Es la trampa perfecta, porque así con unos votos de parlamentarios oficialistas se logran los 3/5 y se aprueba una reforma constitucional que, aunque formalmente apegada a la Constitución, vulnera la reserva de ley que ella atribuye al Ejecutivo. Más que ante un resquicio, estamos frente a lo que en teoría del derecho se conoce como “fraude de ley” y que se configura cuando se ejecuta un acto bajo la protección formal de una norma, pero para obtener un resultado prohibido por otra. En este caso, bajo el ropaje de una reforma constitucional amparada en los artículos que regulan ese proceso en el texto constitucional, se obtiene un resultado vedado por las normas constitucionales, a saber, que los parlamentarios inicien proyectos de ley en materia de seguridad social o que impliquen gasto fiscal.
Por cierto, los defensores pueden argumentar que se cumplen todos los requisitos exigidos para una reforma, pero eso es justamente lo que constituye el fraude de ley: apego formal a las normas, pero obtención de un propósito contrario al ordenamiento jurídico. Siendo así, procede la sanción a todo fraude de ley, que no es otra que la aplicación al acto de las normas que pretendía burlar.
Por eso esta seudorreforma constitucional no debe prosperar, por más que se trate de un proyecto popular —¿cómo no lo sería si autoriza a sacar dinero libre de impuestos y sin tener que restituirlo?—. Y no porque sea regresiva o destruya el sistema previsional, sino por algo de mucho mayor gravedad: porque abre un camino sin retorno hacia el colapso de un diseño de gobierno que viene de la Constitución de 1925 y que ha conjurado los riesgos del populismo fiscal. Esto no es ser catastrofista, sino pensar con un mínimo realismo. ¿Habrá ahora algún parlamentario que ante materias de iniciativa exclusiva del Presidente no proponga una reforma constitucional que establezca lo esencial y luego encargue su regulación a una ley? Y pruebas al canto: la Cámara se apresta a aprobar otra reforma constitucional, ahora para imponer tributos al patrimonio.
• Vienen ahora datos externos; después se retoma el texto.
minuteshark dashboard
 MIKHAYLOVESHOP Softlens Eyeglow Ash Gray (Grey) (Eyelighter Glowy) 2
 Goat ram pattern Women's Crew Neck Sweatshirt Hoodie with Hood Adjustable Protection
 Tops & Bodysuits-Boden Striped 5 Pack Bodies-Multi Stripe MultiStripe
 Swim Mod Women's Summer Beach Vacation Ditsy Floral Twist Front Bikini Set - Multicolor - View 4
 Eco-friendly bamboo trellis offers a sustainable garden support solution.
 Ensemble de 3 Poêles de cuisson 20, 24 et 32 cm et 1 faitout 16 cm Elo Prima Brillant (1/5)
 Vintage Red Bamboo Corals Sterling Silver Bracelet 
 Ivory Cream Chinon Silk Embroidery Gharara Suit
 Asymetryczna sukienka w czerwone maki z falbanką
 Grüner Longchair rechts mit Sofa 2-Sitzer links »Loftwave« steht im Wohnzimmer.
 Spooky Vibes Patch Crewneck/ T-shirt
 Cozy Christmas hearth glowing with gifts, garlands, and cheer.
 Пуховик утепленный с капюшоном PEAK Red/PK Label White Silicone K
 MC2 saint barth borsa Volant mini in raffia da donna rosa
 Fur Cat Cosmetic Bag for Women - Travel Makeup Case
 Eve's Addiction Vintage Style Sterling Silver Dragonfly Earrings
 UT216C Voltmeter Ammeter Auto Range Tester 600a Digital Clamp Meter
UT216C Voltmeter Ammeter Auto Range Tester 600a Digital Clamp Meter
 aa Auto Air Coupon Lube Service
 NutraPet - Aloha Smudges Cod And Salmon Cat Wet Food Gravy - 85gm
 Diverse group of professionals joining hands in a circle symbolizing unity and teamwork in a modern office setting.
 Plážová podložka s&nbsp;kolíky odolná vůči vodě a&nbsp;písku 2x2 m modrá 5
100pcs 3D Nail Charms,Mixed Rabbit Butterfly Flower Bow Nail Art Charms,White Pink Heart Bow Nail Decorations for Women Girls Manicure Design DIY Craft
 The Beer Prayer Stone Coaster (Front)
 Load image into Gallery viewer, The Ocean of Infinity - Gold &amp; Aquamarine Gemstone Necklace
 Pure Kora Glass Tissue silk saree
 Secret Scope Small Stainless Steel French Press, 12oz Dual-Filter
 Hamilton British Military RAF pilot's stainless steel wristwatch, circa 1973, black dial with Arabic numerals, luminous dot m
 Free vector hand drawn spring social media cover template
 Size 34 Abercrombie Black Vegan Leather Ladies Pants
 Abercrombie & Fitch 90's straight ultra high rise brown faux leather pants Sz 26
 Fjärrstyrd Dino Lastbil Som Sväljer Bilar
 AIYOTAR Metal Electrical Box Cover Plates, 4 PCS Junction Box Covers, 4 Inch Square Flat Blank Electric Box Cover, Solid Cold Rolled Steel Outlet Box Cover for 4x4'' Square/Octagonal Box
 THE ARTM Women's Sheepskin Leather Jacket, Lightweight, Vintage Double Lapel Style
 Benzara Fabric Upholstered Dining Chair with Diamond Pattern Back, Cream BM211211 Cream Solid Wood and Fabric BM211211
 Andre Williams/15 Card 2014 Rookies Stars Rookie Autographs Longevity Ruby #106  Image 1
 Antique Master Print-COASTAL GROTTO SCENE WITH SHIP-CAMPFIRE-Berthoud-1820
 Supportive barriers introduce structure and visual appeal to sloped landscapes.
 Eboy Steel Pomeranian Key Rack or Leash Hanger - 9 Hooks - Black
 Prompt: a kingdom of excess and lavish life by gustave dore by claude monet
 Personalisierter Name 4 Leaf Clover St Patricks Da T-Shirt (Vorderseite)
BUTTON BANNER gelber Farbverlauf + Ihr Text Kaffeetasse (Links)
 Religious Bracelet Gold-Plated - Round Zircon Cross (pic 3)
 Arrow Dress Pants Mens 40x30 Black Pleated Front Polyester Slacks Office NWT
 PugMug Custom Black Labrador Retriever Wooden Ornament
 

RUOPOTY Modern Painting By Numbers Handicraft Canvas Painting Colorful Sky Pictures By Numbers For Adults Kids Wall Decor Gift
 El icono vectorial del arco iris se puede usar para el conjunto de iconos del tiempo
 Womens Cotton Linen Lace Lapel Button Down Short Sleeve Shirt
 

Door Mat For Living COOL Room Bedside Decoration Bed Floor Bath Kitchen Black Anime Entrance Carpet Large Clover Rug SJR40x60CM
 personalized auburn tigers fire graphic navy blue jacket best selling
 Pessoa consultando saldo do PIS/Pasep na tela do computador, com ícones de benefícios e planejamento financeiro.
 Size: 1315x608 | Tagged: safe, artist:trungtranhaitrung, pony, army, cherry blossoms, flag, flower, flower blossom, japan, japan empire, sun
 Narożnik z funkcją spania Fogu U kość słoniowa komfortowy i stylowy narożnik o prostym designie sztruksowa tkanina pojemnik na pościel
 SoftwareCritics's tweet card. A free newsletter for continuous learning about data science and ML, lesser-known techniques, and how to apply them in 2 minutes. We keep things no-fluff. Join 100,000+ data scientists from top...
El Gobierno debe anunciar que vetará el proyecto del retiro de fondos de pensiones, y que si el Congreso insiste, recurrirá al Tribunal Constitucional. Este Tribunal debe dejar de lado sus rencillas internas, y cumplir con su misión de evitar que mayorías contingentes arrasen con las reglas constitucionales de la deliberación democrática y de la responsabilidad del gasto público.
Para ello puede recurrir a sus precedentes: ya antes ha afirmado que un decreto supremo es en verdad un reglamento y que una resolución ministerial es inválida por haberse dictado sobre materias propias de decreto supremo. Ha aplicado, así, la máxima de que las cosas son lo que son y no lo que se dice que son; ahora solo deberá constatar que una ley es una ley, aunque se travista de reforma constitucional.